İnsanlığın varoluşsal bütünlüğü
üzerinde kimlik tahayyülü geçmişimizin ortak sorunlarından bir tanesidir.
İnsan, bireysel fizikselliğinin ortaya çıkardığı düşünsel yeteneği geliştiği
ölçüde önce “kendi” tanımını, kimi zaman “öteki” kavramından önce, kimi zaman
sonra yaratmayı denemiştir. Sosyal, toplumsal yada teolojik ilk
kavramları “kendi” tanımını açıklamak, olumlamak yada gerçekleştirmek amacıyla
kullanmıştır. İnsanın kendisinin ne olduğu, ne olması gerektiği yada ne olacağı
hakkında bir bütün olarak düşün süreçlerine yöneldiği en erken zaman sanırım
böyle bir süreci ortaya koyacak ilk aklın meydana gelmiş olmasına kadar
götürebiliriz. Yani varlık sorunun başlangıcı bu soruyu sorabilecek bir
varlığın ortaya çıkmasıdır.
Varlığın tanımı sırasında başvurulan
en çabuk yolun öteki üzerinden olması kaçınılmazdır. Toplum içinde yaşayan en
küçük klan mensupları dahi kendi inşaları sırasında yaratımsal bir takım
çıkarsamalar yapmışlar ve diğer bireyler üzerinden kendi varlıklarını
temellendirmeye çalışmışlardır. Dünyanın fiziksel, kimyasal ve de coğrafi
olarak durağan (stabil) bir sistem olmaması ve önerme yada çıkarma yapmaya
imkan verecek normal şartların asla var olmaması yada var olamayacak olması
varlık düşüncesinin temelini sarsmaktadır.
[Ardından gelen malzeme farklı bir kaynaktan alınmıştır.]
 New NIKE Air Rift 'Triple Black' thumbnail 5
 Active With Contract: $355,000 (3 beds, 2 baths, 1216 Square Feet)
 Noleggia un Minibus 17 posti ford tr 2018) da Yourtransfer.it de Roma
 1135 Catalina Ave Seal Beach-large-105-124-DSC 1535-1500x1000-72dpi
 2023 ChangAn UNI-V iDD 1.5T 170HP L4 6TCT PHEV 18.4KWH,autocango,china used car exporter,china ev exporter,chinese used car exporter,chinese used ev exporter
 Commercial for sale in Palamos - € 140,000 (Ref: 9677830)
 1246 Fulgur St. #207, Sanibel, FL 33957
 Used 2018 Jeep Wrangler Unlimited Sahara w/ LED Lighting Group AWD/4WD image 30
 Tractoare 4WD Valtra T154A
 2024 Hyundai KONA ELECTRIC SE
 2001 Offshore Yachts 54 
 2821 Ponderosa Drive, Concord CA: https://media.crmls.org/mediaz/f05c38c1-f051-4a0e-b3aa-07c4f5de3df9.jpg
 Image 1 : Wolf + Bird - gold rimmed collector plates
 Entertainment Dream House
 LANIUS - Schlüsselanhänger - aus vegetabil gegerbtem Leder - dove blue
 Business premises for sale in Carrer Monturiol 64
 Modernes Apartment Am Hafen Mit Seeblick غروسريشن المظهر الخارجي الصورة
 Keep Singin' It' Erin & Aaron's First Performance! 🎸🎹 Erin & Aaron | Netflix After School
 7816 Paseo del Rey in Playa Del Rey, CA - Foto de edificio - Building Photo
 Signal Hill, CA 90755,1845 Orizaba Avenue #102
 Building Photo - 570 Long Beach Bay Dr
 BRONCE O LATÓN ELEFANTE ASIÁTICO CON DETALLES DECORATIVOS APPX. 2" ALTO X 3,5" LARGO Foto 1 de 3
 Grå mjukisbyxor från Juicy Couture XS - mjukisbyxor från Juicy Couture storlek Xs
İnsanlık kendi varlık sorunu çözemeden
değişen fiziksel, kimyasal yada coğrafi şartların insan ile etkileşiminin
yarattığı düşünsel boşluk varlık sorunun diğer bir çok soruna nazaran daha az
toplumsallaşmasına neden olmuştur. Daha çok önünde hendeği atlama yada kendisine
saldıran bir vahşi hayvanı atlatma gibi temel dürtülerle evrimleşen insan daha
büyük, derin yada sorun problemlerin çözümünü ileri ki nesillere miras
bırakmıştır. Yaşamın idamesi gibi çok somut ve temel bir problem önlerinde
dururken atalarımızın varlığın temeli, nedeni yada gayesi gibi soyut ve uzak
problemlerle ilgilenmemesi yada ilgilenenlerin çok sınırlı sayıda olması normal
karşılanmalıdır.
Diğerlerine kıyasla oldukça derin
ve soyut bir problem olan varlığın anlamlandırılması probleminde en kolay ve
somut çözüm olan öteki üzerinde bir kimlik tanımlamanın tercih edilmesi kolay
olmanın yanında zorlayıcıdır da. İnsanın en küçük klandan en büyük metropollere
kadar kaçınılmaz bir sosyalliğin parçası olması bireyin kendisinden çok diğer
bireylere bakmasına yol açmaktadır. Hem fiziki hem de felsefi açıdan. Bu böyle
olduğu kadar sadece diğer bireyler değil en az onlar kadar diğer canlılar
üzerinden de bir kodlama yapmıştır.
Etrafındaki canlılara baktıkça şu
hayvandan, beriki bitkiden, öbür böcekten farklı olduğu kavraması ve
“insan”lığın farkına varması hem kavramsal hem de fiziksel açıdan cezvecidir.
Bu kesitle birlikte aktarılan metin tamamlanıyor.